• Your instructions: Everything from the line with "Una tradizionale finestra" down to the line with "A rainbow in a dark sky over a country road A" below must be printed exactly, those two lines included. Exclude pictures.

• Supplied records:
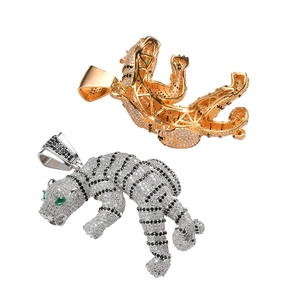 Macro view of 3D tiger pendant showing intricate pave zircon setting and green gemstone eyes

...

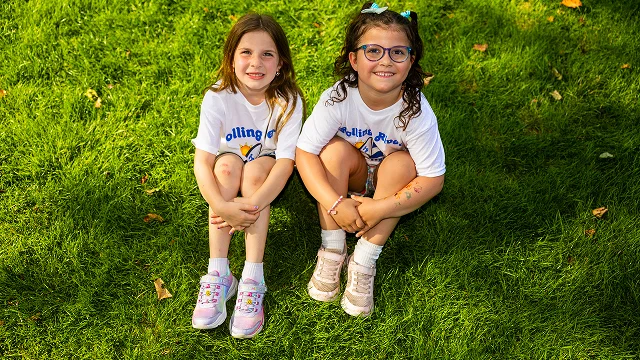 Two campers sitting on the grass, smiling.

...

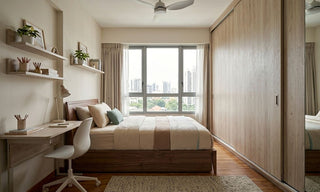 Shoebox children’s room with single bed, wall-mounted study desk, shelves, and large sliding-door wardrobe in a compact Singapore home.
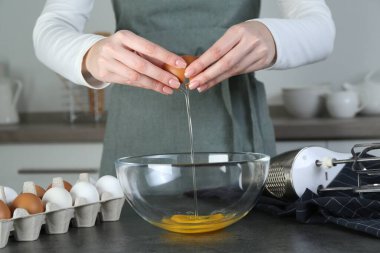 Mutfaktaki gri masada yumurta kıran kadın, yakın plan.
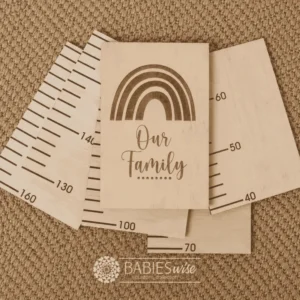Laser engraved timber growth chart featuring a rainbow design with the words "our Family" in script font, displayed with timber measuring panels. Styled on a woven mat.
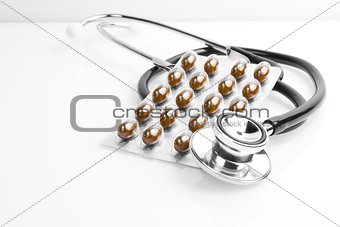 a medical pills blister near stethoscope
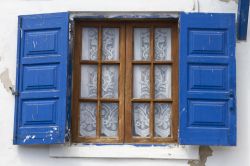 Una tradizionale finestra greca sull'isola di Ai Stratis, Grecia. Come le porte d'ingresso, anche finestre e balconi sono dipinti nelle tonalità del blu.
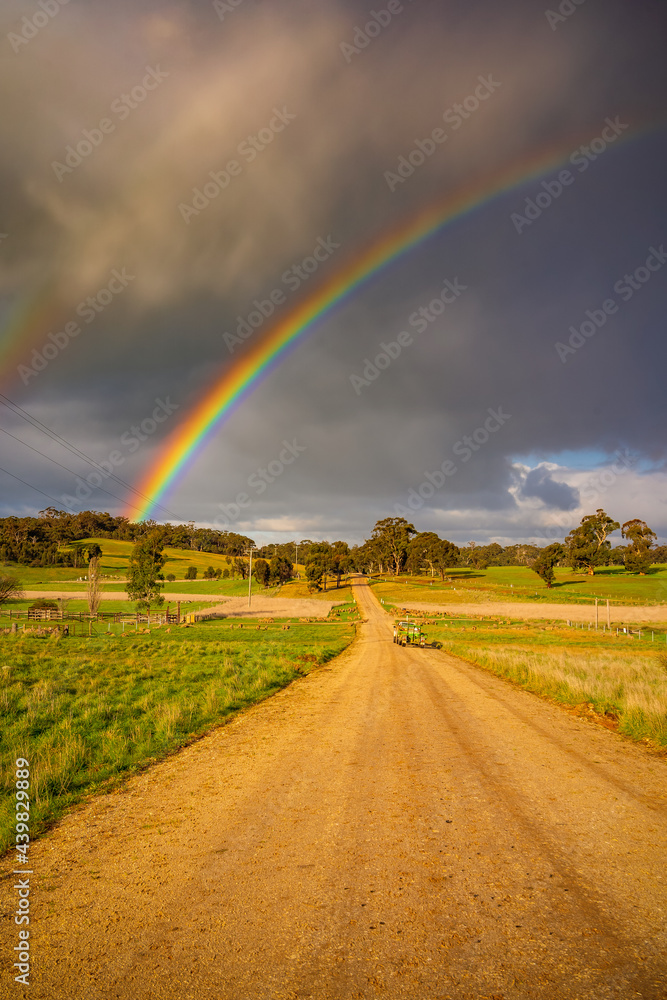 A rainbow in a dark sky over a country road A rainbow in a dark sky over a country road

• Final answer:
 Una tradizionale finestra greca sull'isola di Ai Stratis, Grecia. Come le porte d'ingresso, anche finestre e balconi sono dipinti nelle tonalità del blu.
 A rainbow in a dark sky over a country road A rainbow in a dark sky over a country road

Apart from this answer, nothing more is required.